This post covers standard mortgage types and associated terms. Each bank, credit union and private lender may also offer their own specialized mortgages and terms.
Brought to you by: Kristen White
The period of time your mortgage agreement will be in effect, including your interest rate and terms and conditions. At the end of the term, you either pay off the mortgage in full, renew it or possibly renegotiate your mortgage agreement (for example, decrease your amortization period). Terms are generally for six months to 10 years.
Prepayment Charge / Penalty
Your lender may require you to pay a charge if you want to make a prepayment greater than the amount allowed in your mortgage agreement, or pay off or break a closed mortgage before the end of the term. Sometimes also called a penalty. Prepayment Privilege Terms of your mortgage contract that allow you to pay an amount toward a closed mortgage on top of your regular payments, without triggering a prepayment charge. For example, you may be allowed to make lump-sum payments up to a certain amount or increase the amount of your regular mortgage payments.
A fee charged to you by the lender for making a prepayment greater than the amount allowed in your mortgage agreement, or for paying off a closed mortgage before the end of the term.
A mortgage that can be prepaid at any time during the term, without paying a prepayment charge. The interest rate on an open mortgage may be higher than on a closed mortgage with a similar term.
A mortgage agreement that cannot be changed before the end of the term. Your lender may let you make certain prepayments without paying a charge, but you will usually have to pay a charge to break or change your mortgage agreement.
Cash Back Mortgage
An optional feature that pays you a percentage of your mortgage amount in cash right away. You may have to pay a higher interest rate in order to get a cash back option on your mortgage. It can help you pay for things you’ll need when getting a new home, such as legal fees or moving expenses.
Home Equity Line of Credit (HELOC)
A line of credit secured by your home. You can borrow money up to the credit limit, which is usually a percentage of your home’s value. Fixed Interest Rate Mortgage A mortgage loan where the interest rate and payment amount do not change for a specific term.
Variable Interest Rate Mortgage (Can be Closed or Open Term)
A mortgage with an interest rate that can increase or decrease during the term. The interest rate varies with changes in the market interest rates. The mortgage payments can be fixed, or adjustable (meaning they could change with interest rates), or a combination of both fixed and adjustable payments.
Convertible Rate Mortgage
A mortgage feature that allows you to change your interest rate mortgage to another interest rate mortgage at any time with no penalty.
Standard Charge Mortgage
A type of mortgage that is usually registered for the actual amount of your mortgage loan. If you want to switch your existing mortgage to a different lender at the end of your term, it is generally possible to do so by transferring your mortgage. If you want to borrow additional funds, you will likely need to pay fees to discharge your existing mortgage and register a new one.
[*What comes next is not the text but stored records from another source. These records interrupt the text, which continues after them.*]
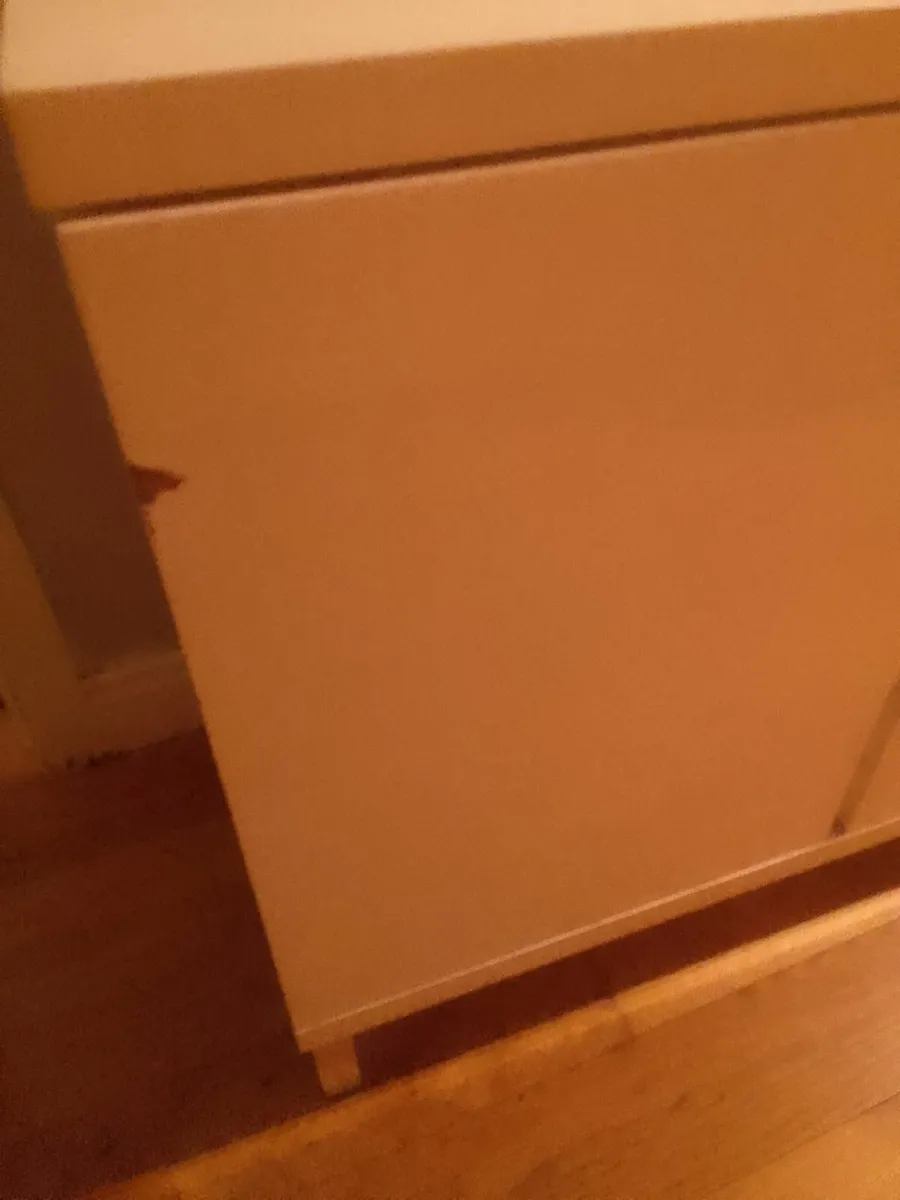 White gloss press - Image 2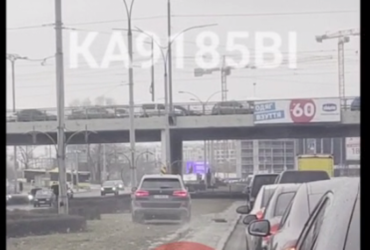 В Киеве водитель дерзко объехал пробку и попал на видео: его требуют наказать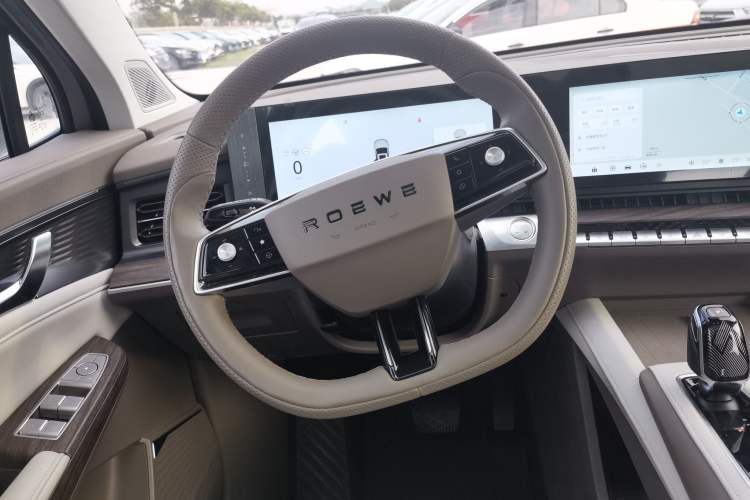 Used Roewe RX9 2023 2.0T All-Wheel-Drive Luxury Edition Steering Wheel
Collateral Charge Mortgage
A type of mortgage whose features may include the ability to potentially borrow additional funds, subject to your lender’s approval, without the need to discharge your mortgage, register a new one and pay legal fees. If you want to switch your existing mortgage to a different lender at the end of your term, note that other lenders may not accept the transfer of your mortgage. This means you may need to pay fees to discharge your mortgage and register a new one in order to change lenders.
Can be ideal whether you are a business owner or self-employed. And, if you have a good credit history and have been in business for less than 3 years, you may be able to finance up to 80%of the appraised value of your home when refinancing and 90% of the appraised value of a home you are purchasing. You can receive competitive mortgage rates for: Purchasing a home, Doing a home renovation or home improvements, Consolidating debt and lowering your monthly payments, Financing your other personal needs.
Unlike an ordinary mortgage, which involves payments by the borrower to the lender, a reverse mortgage involves payments by the lender to the borrower. It is an arrangement whereby homeowners get cash (usually in the form of monthly payments or a lump sum) in return for a mortgage on their home, which is used as security against the loan. This is a strategy sometimes used by retired homeowners who need to supplement their income. A reverse mortgage is one way of tapping into the value of a home.